Was passiert im Pferdemagen?

Pferde sind von ihrer Natur her Dauerfresser, die täglich 16 – 18 Stunden mit der Nahrungsaufnahme beschäftigt sind und die lieber komplett stressfrei leben.  Da diese Grundbedürfnisse des Pferdes bei unseren heutigen domestizierten Pferde keinesfalls mehr gegeben sind, verändert sich einiges.

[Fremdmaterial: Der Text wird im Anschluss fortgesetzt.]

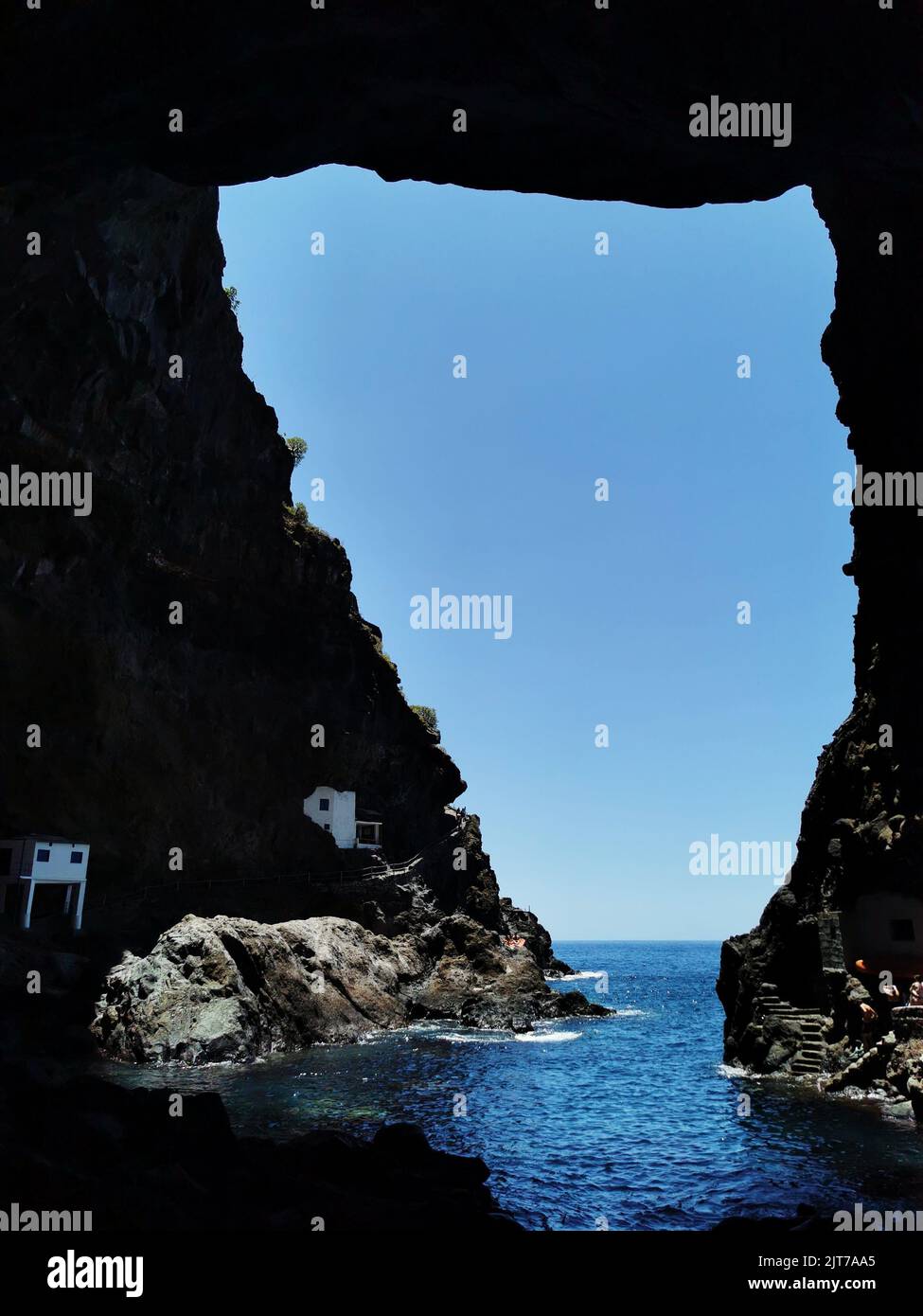 Un cliché vertical des ouvertures de la grotte Poris de Candelaria dans la mer bleu clair, la ville de Tijarafe, la Palma, les îles Canaries Banque D'Images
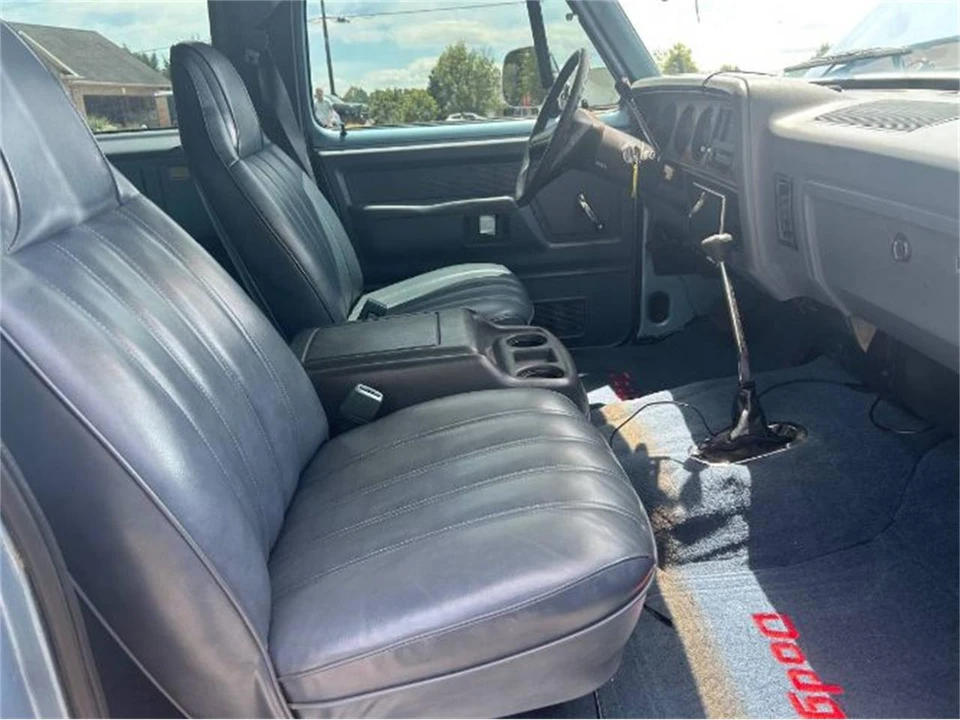 1988 Dodge Ramcharger - Image 6 of 11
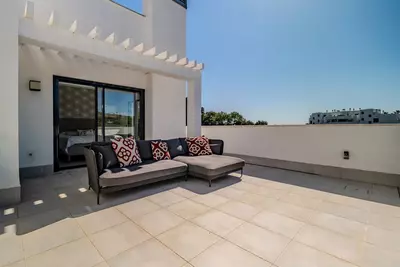 Detached Villa in Selwo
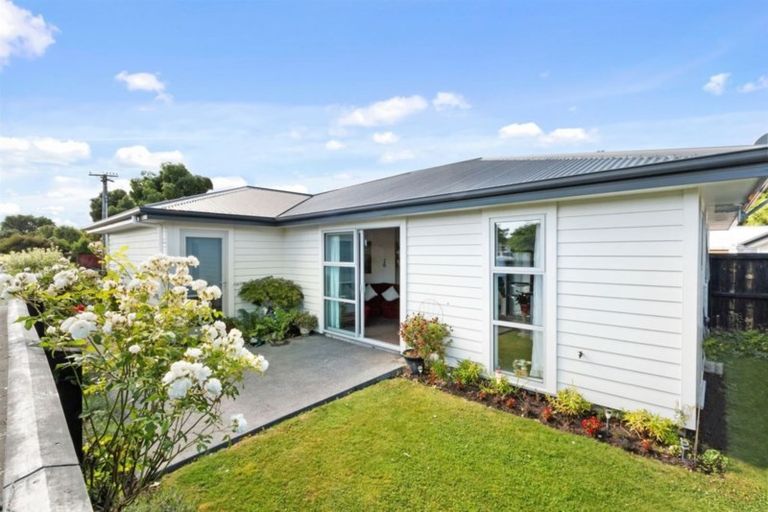 Photo of property in 1/2 Flemington Avenue, North New Brighton, Christchurch, 8083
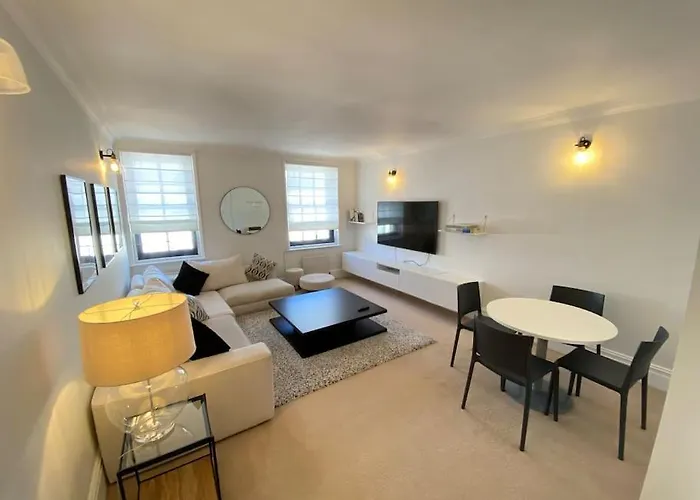 Wonderful Baker Street Flat!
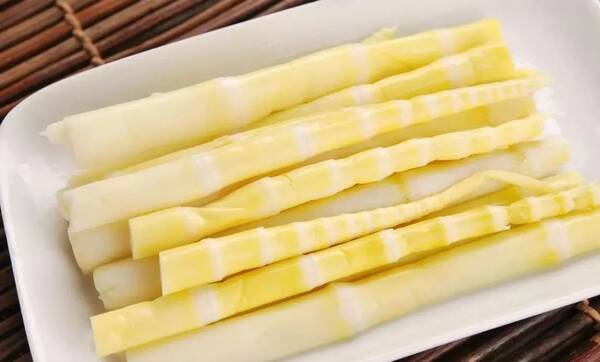 拔了牙之后的那个窟窿,咋长好的呢?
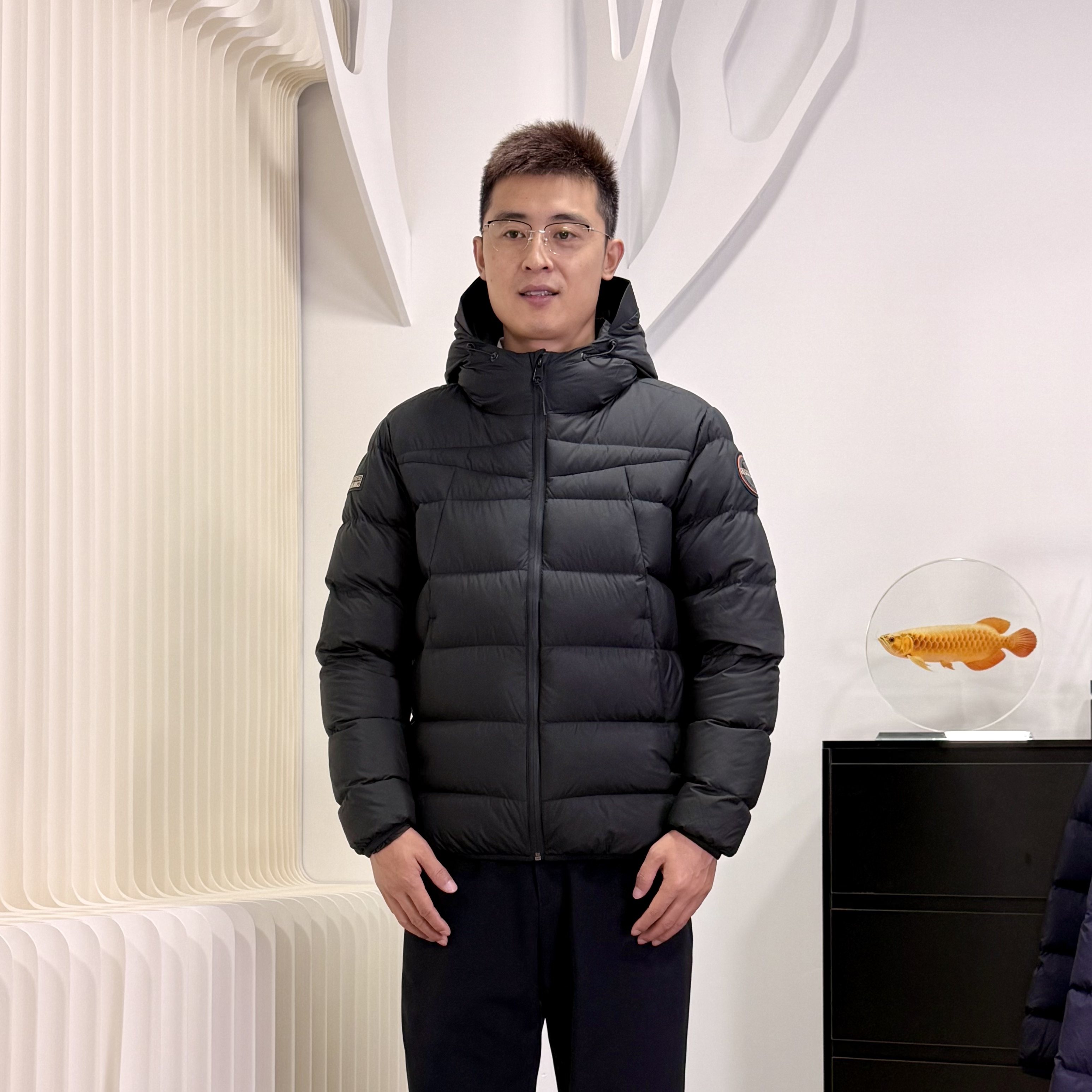 挪威新款户外95白鹅绒羽绒服连帽加厚保暖防风防水不钻绒高蓬松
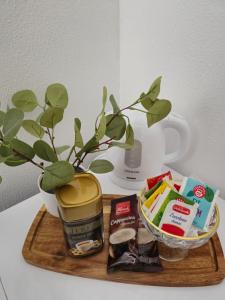 Příslušenství pro přípravu čaje a kávy v ubytování Rooms Zana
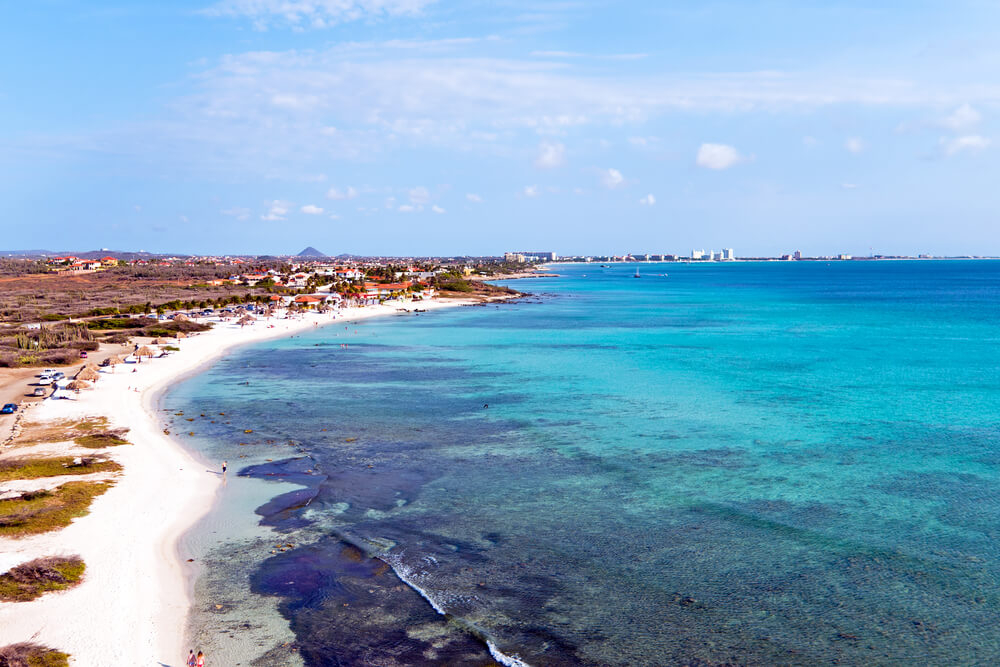 Der Strand von Boca Catalina auf Aruba aus der Vogelperspektive.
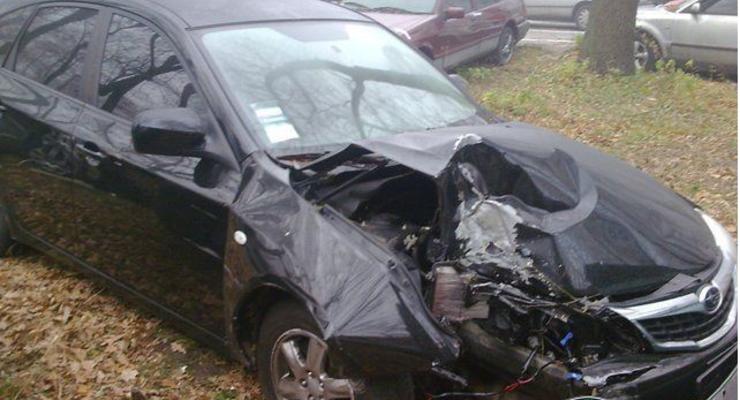 В Киеве пьяный автослесарь разбил Импрезу клиента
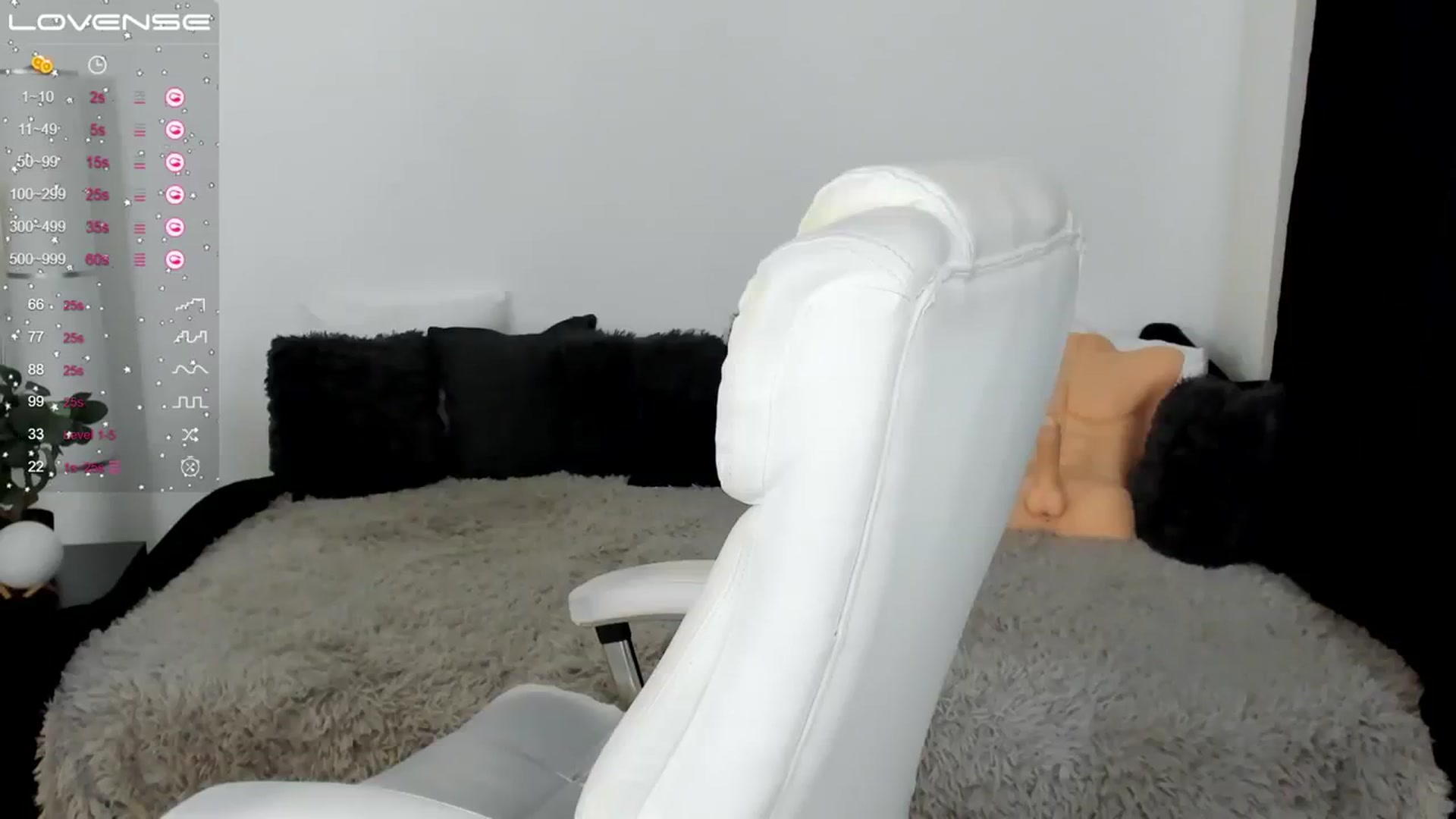 Gallery image thumbnail from Queenevamaria's myfreecams stream on, 08/07/2023, 21:00 image 2 of 20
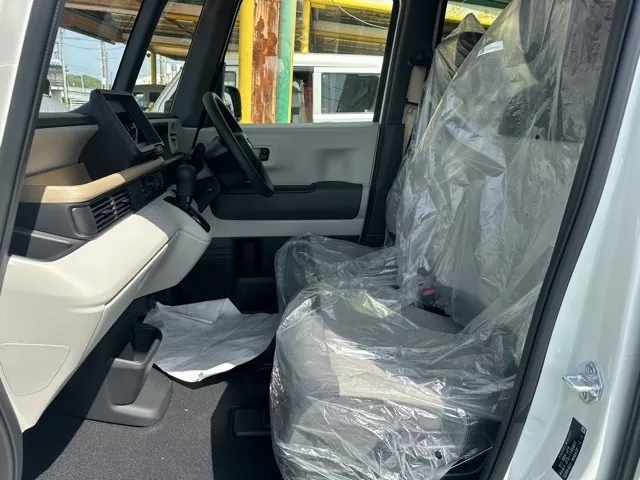 N-BOX(ホンダ)N-BOX届出済未使用車 3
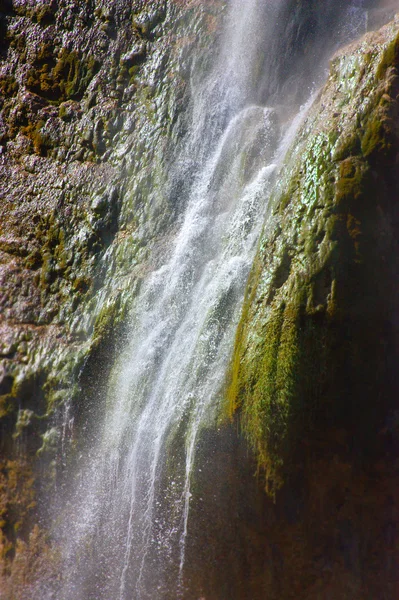 Перегляд водоспаду в національному парку Плітвіцкі — стокове фото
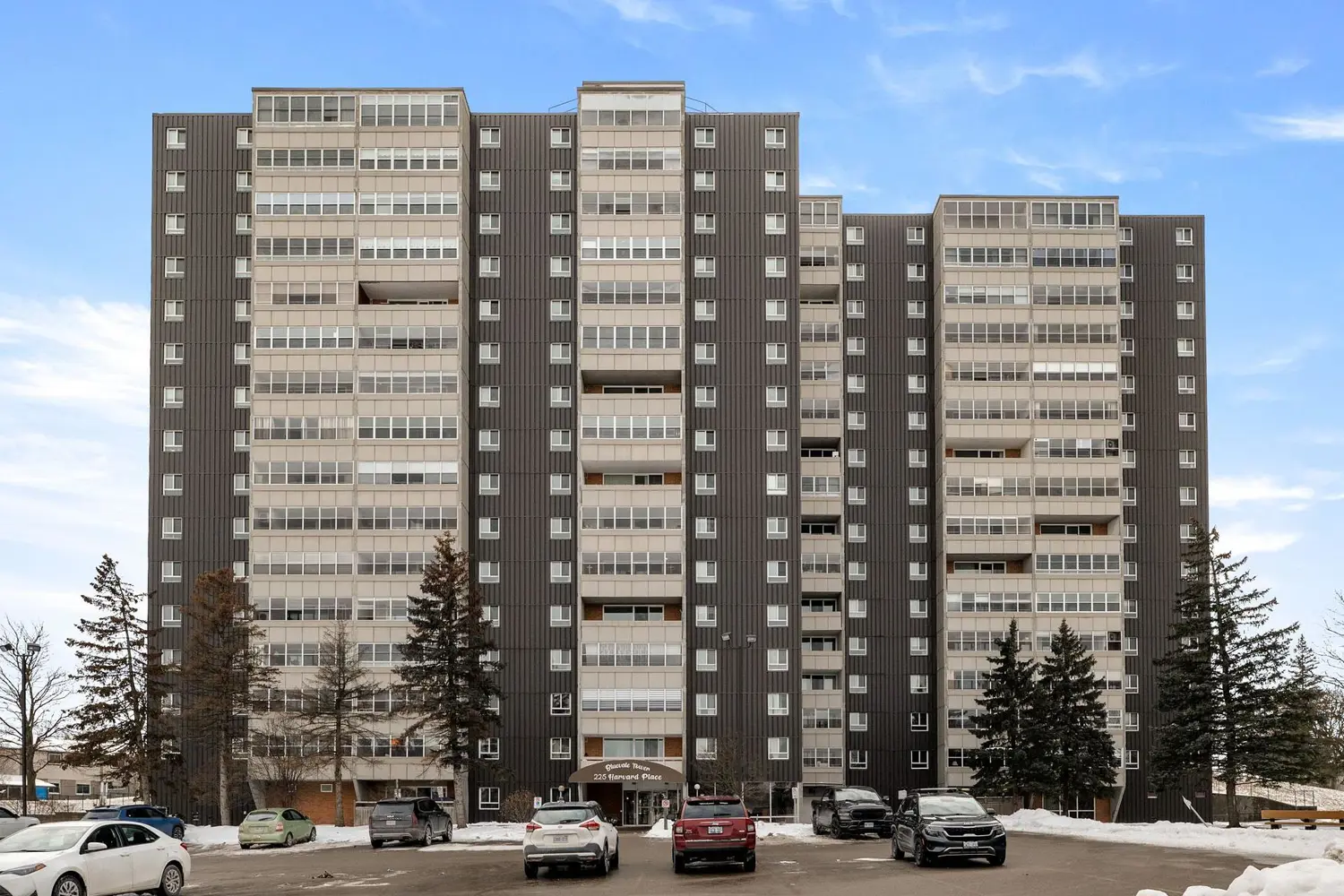 225 Harvard Place 1005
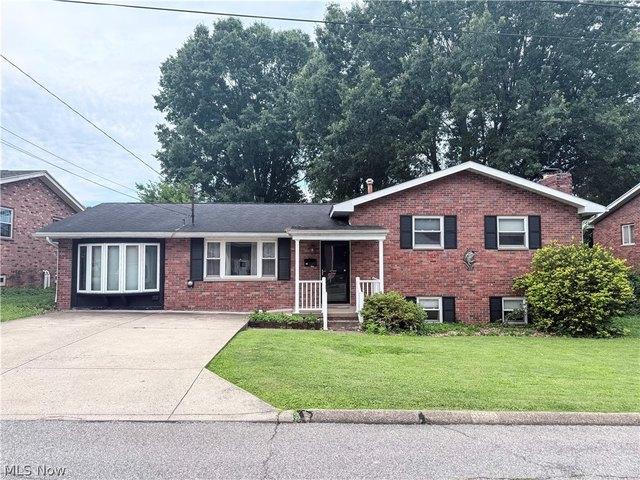 House for sale in Vienna, West Virginia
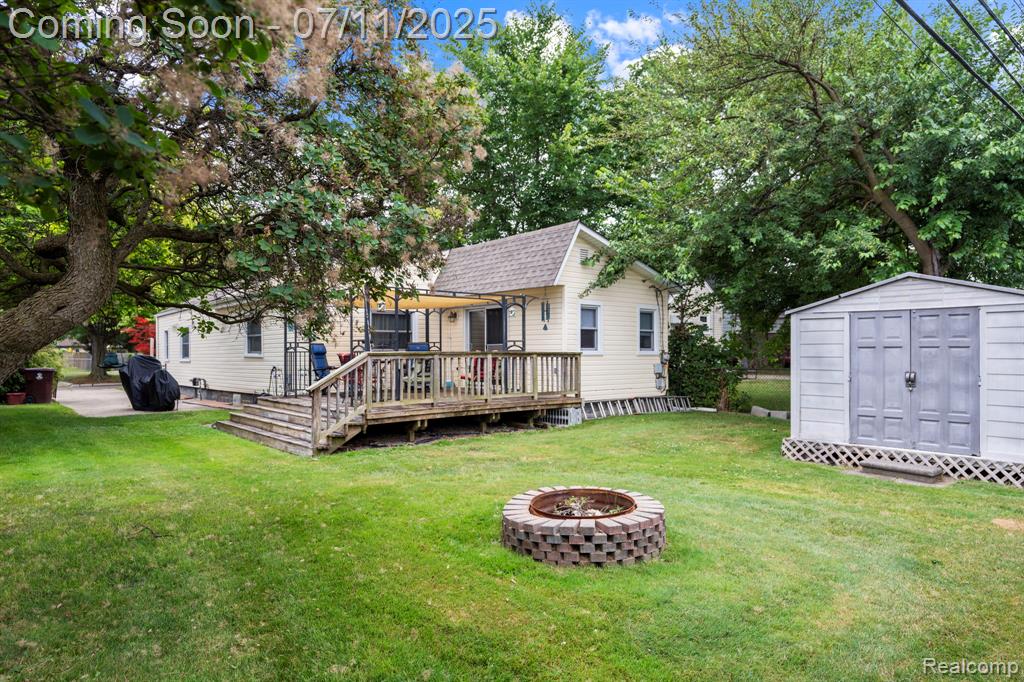 7557 Standard Street Center Line, MI 48015 - Photo 7 of 41 Gallery Image 7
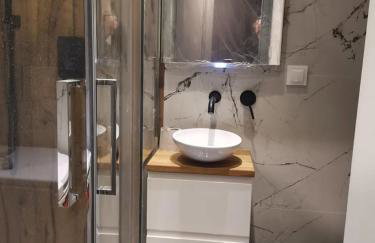 Niesamowita nowoczensa kawalerka w centrum kmicica - Foto 44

Gefressen wird, was in den Trog kommt – Rauhfutter gibt es auf Zuteilung, statt wichtiger faserreicher Nahrung gibt es mehrmals täglich konzentriertes Getreidefutter. Und vom negativen Stress bei Boxenhaltung, auf dem Paddock mit Pferden, die sich untereinander nicht grün sind, bei der Trennung von Freunden oder beim zu langen, pausenlosen Reiten, ganz zu schweigen. Auf den Magen schlagen alle diese Faktoren.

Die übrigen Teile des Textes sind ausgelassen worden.